One major challenge that students face in understanding nonfiction text is that the vocabulary is often unfamiliar.  Students need to be taught word learning skills so that they can infer the meaning of new words. There are some interesting ways that you can enhance vocabulary teaching in your classroom.

It’s Greek (or Latin) to Me

Word learning skills include teaching students about affixes (prefixes, roots, and suffixes).  Ninety percent of English words with more than one syllable are based on Latin roots.  The remaining 10% are mostly Greek. A single Latin root generates 5-20 English words. Using traditional methods of memorizing vocabulary, you can only learn about 8-10 words a week.

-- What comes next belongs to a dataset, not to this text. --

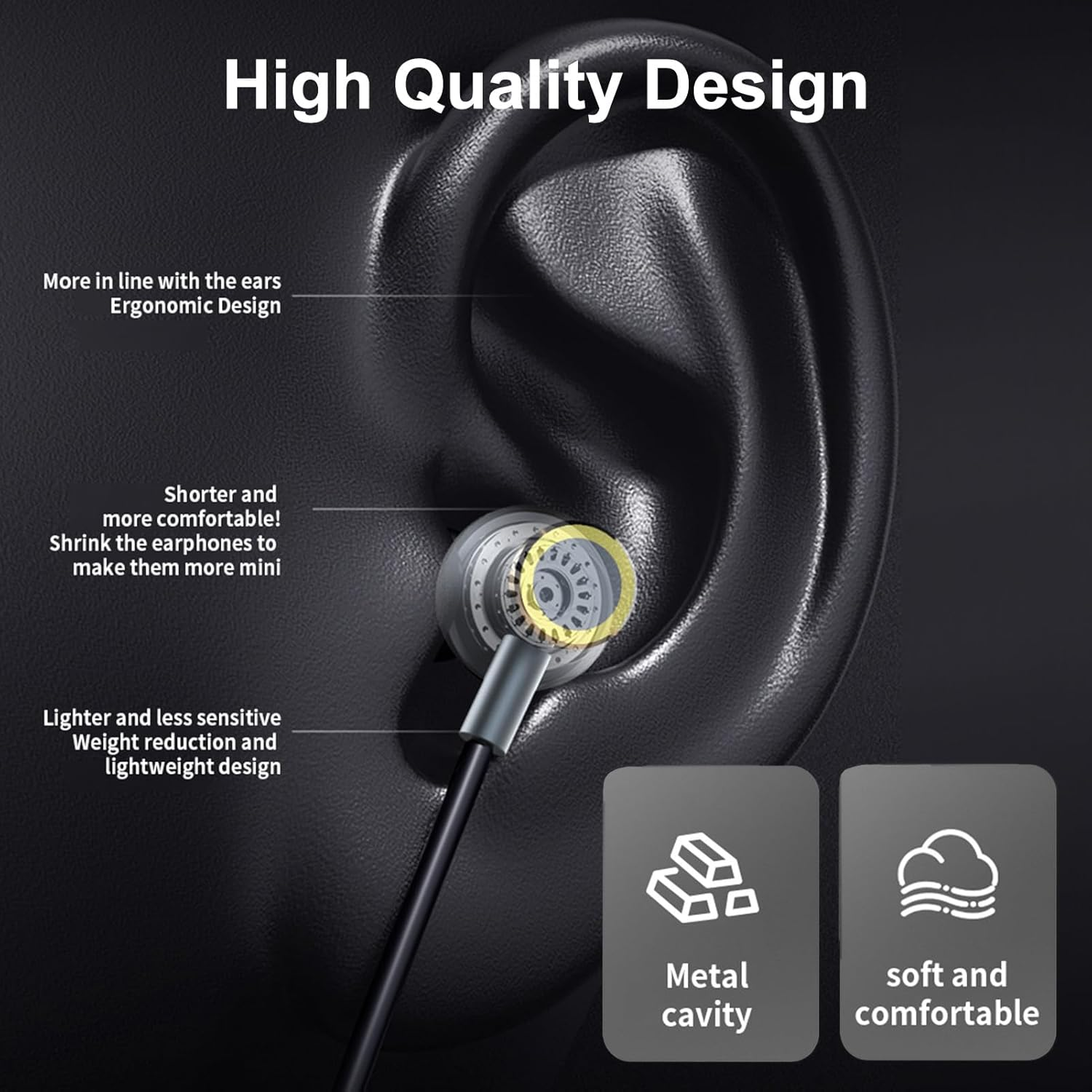 Moxtouz Type C In-Ear Earphones Headphones with Cable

From a single root, students gain 5-20 words.   When students understand roots, they can analyze word meaning.

For example, teach students that “terre” means land.  Then have students figure out the meanings of: terrain, terrace, terrarium, terrestrial, extraterrestrial, subterranean, Mediterranean, terracotta, and terra nova.

Students love challenges.  Here are a few simple word learning activities that promote comprehension:

Before Reading

  • Categorizing Vocabulary: Write new text vocabulary on the board. Students work in pairs to group these terms in categories to figure out what the text will be about. They can check to see if they were correct as they read.
  • Word Splash: Choose key words and concepts from the text. Write these groups of words in boxes on the board. Have students predict how these words/concepts work together. After reading, they can discuss how their ideas changed and why.

While Reading

  • Visualize Vocabulary: Have students identify words they feel are important as they read, and draw pictures to depict their importance.
  • Word Webbing: Have students create webs to show they understand the connections between different words.  Here’s an example for the animal kingdom:
  • Word Riddles: Have students select words from the text and write riddles with 3 or more clues, such as synonyms, number of syllables, root meaning, antonyms, etc.

After Reading

  • Word Theater: Write new vocabulary on the board.  Give each student a “secret” word from the list to act out.  See if their classmates can figure out what they mean.
  • 20 Questions: Place vocabulary words cards in a bag.  The person who’s “it,” picks a word. Others guess by asking up to 20 yes/no questions.  Person who figures the word out is “it.”